For a detailed breakdown of embedded wallet infrastructure options across these use cases, see Fireblocks’ Embedded Wallet Infrastructure Comparison.

Why Embedded Wallets Matter for Business

Beyond the technical architecture, embedded wallets deliver measurable business value. For product and engineering teams building embedded wallets for enterprise blockchain applications or consumer fintech, the case rests on four pillars:

  • Faster time to market: SDK-based integration means teams can ship on-chain features in weeks rather than months, without building key management infrastructure from scratch.
  • Reduced regulatory burden: Non-custodial models generally avoid triggering the licensing and compliance obligations that come with holding customer funds, giving legal and compliance teams a cleaner path to launch.
  • Improved user retention: Frictionless UX removes the dropoff that occurs when users are redirected to external wallets, directly improving activation and retention metrics.
  • New revenue streams: Applications that embed wallets can unlock transaction fee revenue, staking yield sharing, and new product categories tied to on-chain activity.
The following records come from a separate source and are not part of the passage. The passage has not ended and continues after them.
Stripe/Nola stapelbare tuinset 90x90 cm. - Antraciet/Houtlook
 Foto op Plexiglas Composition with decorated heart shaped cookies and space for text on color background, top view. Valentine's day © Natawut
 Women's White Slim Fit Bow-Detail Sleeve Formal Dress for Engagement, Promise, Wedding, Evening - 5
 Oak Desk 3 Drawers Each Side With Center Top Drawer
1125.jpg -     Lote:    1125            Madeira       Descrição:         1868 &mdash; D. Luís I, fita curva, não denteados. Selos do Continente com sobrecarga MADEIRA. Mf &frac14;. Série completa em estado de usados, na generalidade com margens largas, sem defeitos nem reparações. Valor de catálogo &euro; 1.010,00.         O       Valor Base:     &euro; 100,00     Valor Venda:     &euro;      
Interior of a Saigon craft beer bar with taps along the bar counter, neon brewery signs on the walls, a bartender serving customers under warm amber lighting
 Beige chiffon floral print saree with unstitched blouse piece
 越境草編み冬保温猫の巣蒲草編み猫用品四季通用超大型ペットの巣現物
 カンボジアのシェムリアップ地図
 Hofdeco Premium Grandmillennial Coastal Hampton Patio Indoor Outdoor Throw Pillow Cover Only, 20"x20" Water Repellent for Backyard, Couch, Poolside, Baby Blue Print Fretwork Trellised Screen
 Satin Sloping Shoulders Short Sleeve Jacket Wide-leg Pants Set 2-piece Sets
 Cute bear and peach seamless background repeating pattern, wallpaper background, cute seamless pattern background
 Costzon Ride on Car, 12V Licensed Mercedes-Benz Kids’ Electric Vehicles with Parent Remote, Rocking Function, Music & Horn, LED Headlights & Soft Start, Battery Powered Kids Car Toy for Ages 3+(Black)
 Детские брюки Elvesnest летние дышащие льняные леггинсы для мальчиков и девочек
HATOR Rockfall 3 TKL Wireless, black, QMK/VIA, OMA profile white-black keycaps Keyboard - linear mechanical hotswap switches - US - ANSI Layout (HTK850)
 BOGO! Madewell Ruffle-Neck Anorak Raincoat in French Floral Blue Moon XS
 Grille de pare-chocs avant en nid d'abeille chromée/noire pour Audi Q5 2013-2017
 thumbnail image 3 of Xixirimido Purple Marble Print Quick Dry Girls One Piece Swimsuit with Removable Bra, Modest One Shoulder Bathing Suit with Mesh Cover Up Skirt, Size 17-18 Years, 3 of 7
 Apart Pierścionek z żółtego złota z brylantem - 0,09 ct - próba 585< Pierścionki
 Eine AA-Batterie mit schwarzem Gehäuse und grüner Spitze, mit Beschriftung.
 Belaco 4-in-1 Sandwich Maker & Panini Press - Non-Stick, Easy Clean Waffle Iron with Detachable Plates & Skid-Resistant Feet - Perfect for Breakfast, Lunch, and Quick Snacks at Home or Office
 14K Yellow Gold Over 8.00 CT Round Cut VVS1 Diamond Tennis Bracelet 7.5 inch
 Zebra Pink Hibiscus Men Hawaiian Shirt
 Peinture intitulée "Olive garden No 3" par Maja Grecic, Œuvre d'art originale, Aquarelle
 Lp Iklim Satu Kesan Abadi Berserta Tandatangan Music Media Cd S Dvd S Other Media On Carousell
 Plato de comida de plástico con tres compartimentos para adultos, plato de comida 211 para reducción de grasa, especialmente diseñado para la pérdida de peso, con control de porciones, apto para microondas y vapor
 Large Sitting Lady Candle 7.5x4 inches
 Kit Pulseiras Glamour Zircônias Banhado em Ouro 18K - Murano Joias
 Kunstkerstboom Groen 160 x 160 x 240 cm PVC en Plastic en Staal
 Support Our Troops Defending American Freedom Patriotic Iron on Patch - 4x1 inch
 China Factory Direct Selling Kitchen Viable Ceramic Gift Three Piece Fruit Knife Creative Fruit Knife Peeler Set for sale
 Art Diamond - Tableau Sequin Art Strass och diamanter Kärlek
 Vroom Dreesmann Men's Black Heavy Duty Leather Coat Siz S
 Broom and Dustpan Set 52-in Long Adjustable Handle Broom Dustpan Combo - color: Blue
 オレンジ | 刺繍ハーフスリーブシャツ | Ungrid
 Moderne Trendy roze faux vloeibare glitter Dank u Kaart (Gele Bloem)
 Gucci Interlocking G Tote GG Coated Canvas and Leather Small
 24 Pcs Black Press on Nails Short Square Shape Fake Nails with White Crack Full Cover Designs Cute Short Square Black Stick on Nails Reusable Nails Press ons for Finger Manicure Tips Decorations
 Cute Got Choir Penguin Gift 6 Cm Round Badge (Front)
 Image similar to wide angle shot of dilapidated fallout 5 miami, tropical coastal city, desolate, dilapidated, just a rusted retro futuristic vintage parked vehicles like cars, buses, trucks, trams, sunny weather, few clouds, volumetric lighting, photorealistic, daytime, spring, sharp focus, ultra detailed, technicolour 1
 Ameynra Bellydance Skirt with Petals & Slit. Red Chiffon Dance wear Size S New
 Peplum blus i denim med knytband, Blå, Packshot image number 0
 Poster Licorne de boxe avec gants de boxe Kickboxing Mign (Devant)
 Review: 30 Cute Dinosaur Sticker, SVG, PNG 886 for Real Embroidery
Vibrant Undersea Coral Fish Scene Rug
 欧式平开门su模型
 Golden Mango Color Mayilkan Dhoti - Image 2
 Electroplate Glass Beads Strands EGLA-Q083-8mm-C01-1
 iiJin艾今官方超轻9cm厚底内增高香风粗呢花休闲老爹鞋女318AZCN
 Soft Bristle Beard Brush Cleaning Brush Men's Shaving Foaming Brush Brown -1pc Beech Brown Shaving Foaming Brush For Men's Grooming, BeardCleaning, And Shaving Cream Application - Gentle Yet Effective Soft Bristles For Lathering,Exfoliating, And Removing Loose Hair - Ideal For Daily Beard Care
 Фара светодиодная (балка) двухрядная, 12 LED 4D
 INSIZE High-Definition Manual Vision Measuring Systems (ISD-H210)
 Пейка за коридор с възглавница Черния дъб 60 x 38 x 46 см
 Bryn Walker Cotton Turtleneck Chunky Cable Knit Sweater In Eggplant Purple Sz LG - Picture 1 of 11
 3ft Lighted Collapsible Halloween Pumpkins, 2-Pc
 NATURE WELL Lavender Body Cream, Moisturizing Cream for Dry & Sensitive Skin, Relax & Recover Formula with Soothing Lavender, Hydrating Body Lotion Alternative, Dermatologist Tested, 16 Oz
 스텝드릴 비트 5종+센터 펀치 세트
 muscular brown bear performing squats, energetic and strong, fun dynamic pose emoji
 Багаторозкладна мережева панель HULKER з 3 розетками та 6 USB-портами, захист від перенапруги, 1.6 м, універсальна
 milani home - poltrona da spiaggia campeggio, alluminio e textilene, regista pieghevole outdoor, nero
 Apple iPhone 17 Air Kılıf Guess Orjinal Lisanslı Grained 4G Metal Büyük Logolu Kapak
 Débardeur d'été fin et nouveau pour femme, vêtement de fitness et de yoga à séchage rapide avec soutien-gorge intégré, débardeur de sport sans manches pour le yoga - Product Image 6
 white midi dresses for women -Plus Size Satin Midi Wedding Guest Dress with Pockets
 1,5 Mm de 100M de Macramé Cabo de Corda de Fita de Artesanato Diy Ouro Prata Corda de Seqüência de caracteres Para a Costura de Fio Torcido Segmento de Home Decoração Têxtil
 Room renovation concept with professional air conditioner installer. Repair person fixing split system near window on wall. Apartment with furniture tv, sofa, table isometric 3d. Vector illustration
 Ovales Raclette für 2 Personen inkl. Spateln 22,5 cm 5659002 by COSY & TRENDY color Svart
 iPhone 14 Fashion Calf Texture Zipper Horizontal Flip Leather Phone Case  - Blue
Embedded Wallets vs. Traditional Crypto Wallets

Traditional crypto wallets are standalone products designed for crypto-native users who actively manage their own keys and interact directly with blockchains. Some examples include browser extensions like MetaMask, hardware wallets like Ledger, or mobile apps like Trust Wallet.

Embedded wallets serve a different audience and a different use case. The comparison across key dimensions:

  • UX and onboarding friction: Traditional wallets require users to create accounts, store seed phrases, and switch contexts to transact. Embedded wallets are created automatically at app signup with no additional steps.
  • Custody model: Hardware and self-custody wallets put full key responsibility on the user. Embedded MPC wallets distribute key management in a way that is non-custodial but recoverable.
  • Developer control: Embedded wallets give developers full control over transaction policies, supported chains, and wallet UX. Traditional wallets are products the user installs independently.
  • Target audience: Traditional wallets suit crypto-native power users. Embedded wallets are designed for mainstream consumer and enterprise users who want blockchain functionality without blockchain complexity.

The right fit depends on your user base. If you are building for crypto-native users who expect full control and cross-app portability, traditional wallets remain relevant. If you are building for mainstream users or want to embed on-chain features into an existing product, embedded wallets are the correct architecture.

Embedded Wallets vs. Wallet-as-a-Service: What’s the Difference?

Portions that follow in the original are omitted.